● **SUPPLIED RECORDS**
┌──
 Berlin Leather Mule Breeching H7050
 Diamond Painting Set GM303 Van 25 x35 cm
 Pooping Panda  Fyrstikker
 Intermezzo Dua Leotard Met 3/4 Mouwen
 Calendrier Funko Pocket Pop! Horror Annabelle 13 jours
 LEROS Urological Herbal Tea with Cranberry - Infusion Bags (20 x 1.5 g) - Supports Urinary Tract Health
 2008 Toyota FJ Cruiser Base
└──
┌──
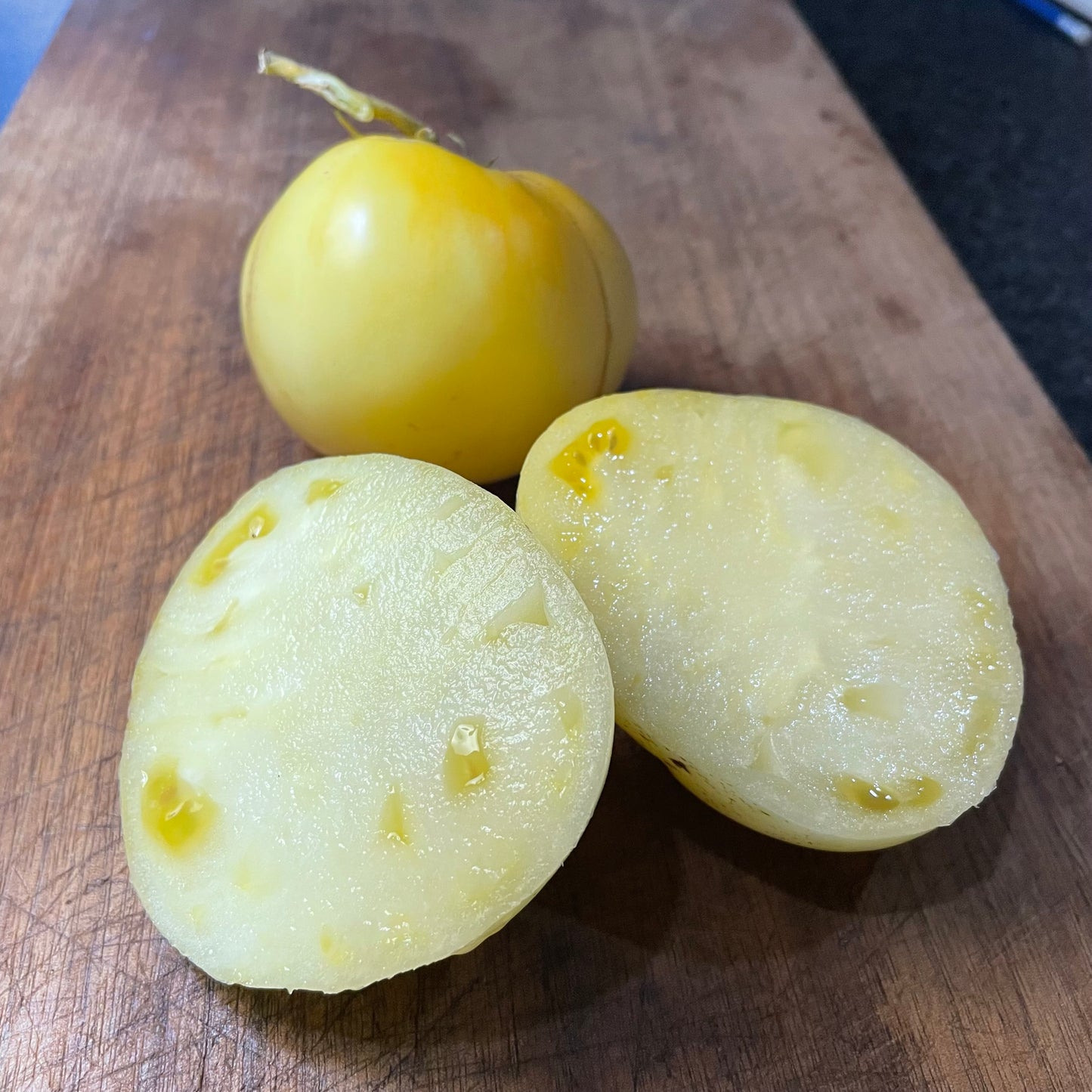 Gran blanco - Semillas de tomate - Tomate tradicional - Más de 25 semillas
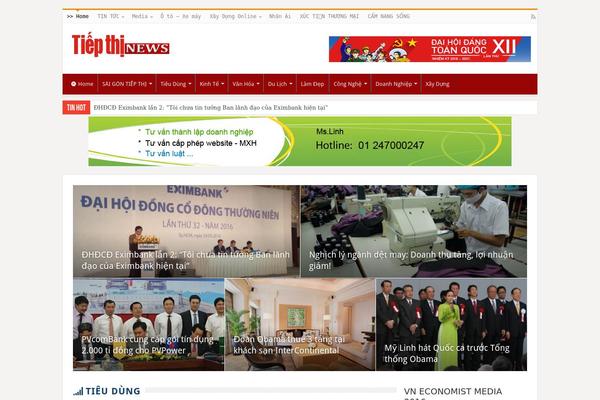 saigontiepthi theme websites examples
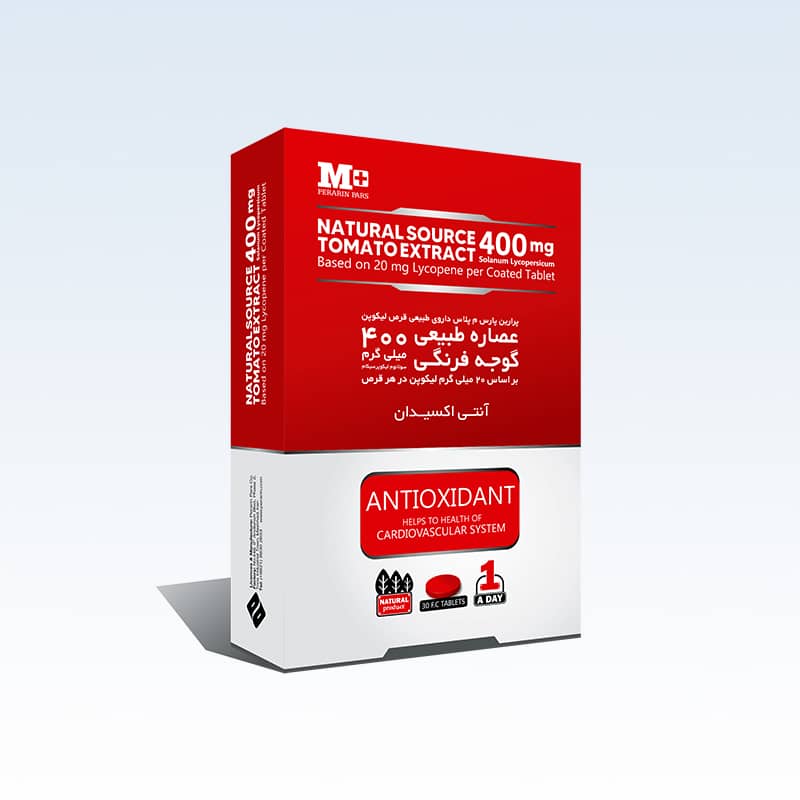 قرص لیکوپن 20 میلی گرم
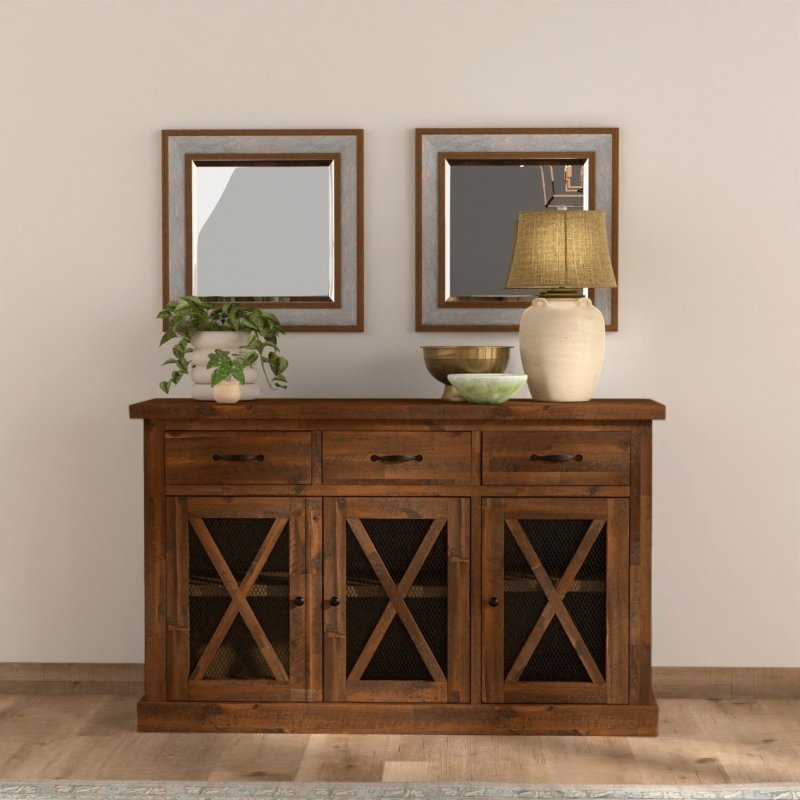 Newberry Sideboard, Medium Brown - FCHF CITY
└──
Print, exactly and with no pictures, the lines of the listing above starting at the one that has "saigontiepthi theme websites examples" and ending at the one that has "Newberry Sideboard, Medium Brown - FCHF CITY", both included.

 saigontiepthi theme websites examples
 قرص لیکوپن 20 میلی گرم
 Newberry Sideboard, Medium Brown - FCHF CITY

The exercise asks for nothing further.